The Ramakrishna Kathamrita describes a memorable boat ride on the Hoogly that was undertaken by Sri Ramakrishna Paramhansa and Keshab Chandra Sen

By Joy (Sirshendu)

On 27th October 1882, the day of the Lakshmi Puja for Bengalis, there took place a very special boat trip on the River Hoogly in Kolkata. The delightful episode is described in Ramakrishna Kathamrita and is a very wonderful read.

On that day Sri Keshab Chandra Sen chartered a steamboat to take Sri Ramakrishna Paramhamsa on an evening trip down the river.

Ramkrishna Paramhansa
Ramkrishna Paramhansa

Sri Ramakrishna the great devotee of Kali used to reside at the beautiful temple at Dakshineshwar. This was the time when all his disciples including Narendra (later Swami Vivekananda) were young lads who hung around the temple delighting in Sri Ramakrishna’s company. He was not widely known at that time and in fact it was Sri Ramakrishna who had sought out Keshab Chandra Sen and met him a few years earlier.

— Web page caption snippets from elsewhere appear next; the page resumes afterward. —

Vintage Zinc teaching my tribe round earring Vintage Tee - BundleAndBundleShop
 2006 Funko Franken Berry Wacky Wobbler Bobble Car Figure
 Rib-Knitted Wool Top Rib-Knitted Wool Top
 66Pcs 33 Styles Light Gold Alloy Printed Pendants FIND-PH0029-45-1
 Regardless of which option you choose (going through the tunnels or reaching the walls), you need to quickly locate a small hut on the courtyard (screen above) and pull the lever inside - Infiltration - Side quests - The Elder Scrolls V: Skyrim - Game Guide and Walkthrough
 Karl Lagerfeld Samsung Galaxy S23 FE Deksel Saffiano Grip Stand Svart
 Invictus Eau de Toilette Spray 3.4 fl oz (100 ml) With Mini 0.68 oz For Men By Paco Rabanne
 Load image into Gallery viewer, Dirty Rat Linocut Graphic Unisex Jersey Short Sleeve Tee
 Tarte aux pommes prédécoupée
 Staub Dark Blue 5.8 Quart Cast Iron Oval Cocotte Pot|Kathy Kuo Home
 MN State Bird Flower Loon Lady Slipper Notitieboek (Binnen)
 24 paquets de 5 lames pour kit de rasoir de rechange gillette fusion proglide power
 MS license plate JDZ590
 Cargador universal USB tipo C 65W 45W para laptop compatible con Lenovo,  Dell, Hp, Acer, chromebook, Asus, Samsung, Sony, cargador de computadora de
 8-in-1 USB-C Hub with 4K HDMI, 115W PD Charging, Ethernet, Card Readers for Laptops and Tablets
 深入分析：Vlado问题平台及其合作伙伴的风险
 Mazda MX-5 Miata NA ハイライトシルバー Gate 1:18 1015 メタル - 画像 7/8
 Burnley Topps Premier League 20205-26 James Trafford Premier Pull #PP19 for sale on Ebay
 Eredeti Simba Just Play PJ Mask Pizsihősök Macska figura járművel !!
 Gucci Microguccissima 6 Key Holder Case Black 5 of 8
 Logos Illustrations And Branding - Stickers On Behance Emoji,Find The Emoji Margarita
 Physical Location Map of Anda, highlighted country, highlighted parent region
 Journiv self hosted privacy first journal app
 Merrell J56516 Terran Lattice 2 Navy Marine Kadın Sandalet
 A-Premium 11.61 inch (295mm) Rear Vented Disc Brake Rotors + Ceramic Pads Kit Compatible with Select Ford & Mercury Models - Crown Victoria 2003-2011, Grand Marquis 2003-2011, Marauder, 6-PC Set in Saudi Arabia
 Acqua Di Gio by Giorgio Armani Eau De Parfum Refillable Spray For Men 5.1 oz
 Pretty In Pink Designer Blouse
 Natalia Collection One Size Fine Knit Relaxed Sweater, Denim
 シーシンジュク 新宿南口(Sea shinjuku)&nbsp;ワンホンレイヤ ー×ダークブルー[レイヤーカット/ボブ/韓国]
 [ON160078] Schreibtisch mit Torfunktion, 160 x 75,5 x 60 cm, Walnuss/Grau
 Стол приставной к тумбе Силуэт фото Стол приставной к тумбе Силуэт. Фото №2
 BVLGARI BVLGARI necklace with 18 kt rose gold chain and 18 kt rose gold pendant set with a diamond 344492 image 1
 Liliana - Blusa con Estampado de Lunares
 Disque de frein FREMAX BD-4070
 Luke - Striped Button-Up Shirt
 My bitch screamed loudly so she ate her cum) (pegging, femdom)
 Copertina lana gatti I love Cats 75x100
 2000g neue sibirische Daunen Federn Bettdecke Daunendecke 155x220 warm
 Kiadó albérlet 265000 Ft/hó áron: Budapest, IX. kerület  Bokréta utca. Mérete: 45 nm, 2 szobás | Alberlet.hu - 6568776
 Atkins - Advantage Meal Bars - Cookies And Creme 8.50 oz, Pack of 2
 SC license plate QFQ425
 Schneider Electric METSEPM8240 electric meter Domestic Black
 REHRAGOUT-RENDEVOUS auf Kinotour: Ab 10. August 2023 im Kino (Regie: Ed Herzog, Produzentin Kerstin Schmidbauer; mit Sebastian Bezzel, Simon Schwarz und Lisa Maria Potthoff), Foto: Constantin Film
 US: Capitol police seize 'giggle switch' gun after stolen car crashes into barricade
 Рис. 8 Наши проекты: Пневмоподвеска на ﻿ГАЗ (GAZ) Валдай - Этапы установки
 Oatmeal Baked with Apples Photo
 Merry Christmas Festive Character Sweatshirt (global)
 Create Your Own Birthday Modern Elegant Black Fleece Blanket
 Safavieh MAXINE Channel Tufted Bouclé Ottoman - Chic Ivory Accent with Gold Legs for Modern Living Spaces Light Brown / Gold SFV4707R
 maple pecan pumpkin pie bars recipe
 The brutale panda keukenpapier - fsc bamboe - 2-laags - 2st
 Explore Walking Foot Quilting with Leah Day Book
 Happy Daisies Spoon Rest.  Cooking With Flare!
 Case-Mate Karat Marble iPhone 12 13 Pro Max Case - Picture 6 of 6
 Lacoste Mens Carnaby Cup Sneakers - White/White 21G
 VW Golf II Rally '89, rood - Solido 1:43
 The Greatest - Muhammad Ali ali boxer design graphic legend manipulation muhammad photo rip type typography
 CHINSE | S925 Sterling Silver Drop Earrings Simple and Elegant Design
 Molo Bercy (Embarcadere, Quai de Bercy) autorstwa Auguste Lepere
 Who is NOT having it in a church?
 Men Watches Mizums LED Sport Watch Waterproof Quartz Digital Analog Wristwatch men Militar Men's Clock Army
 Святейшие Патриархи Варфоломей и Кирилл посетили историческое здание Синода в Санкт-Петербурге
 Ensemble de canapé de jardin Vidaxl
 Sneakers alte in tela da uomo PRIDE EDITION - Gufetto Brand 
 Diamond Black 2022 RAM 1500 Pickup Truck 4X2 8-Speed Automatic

Sen was one of the important names in the reform movements in that period and comes across as a very interesting, if somewhat a complex character. He came from a very orthodox Hindu background, his grandfather being one of the foremost in the pro-sati anti-Rammohun Roy movement. During his lifetime he seems to have been a bundle of well-meaning passion and brilliant oratory but his half-baked ideas shifted from doctrine to doctrine, until his association with Sri Ramakrishna came about. At the time of the boat ride he was associated with the Brahmo Samaj and had followers of his own.

Dakshineshwar today is well within the city of Kolkata but in those days it was considered to be  ten miles outside the city and quite a long ride on a tonga. Sitting on the steps of the ghat behind the temple with the wide expanse of the river flowing in front and the Vivekananda bridge to the left presented a very beautiful picture.

The steamboat with Sen and his followers arrived at Dakshineshwar at around 4pm and Sri Ramakrishna was rowed over and he boarded the vessel. Ramakrishna went into a trance almost immediately and then followed an amazing conversation full of simplicity, wisdom and humour.

Keshav Chandra Sen
Keshav Chandra Sen

Many reformists/ evangelists tend to reject everything that they see as old and evil in their zeal to find the one formula for perfection. Having got hold of such an idea they then go about converting others to see things as they do. There were certainly a lot of social and religious evils rampant at that time and perhaps such drastic bulldozing of archaic beliefs was justified but after the demolition the ideas that remained on the table seemed too narrow for the vast field of human experience.

On the other hand Sri Ramakrishna came from an all-encompassing, all-embracing approach of joto-mot-toto-poth (there are as many beliefs as there are ways) meaning ultimately that any path followed with love, truth and sincerity is valid.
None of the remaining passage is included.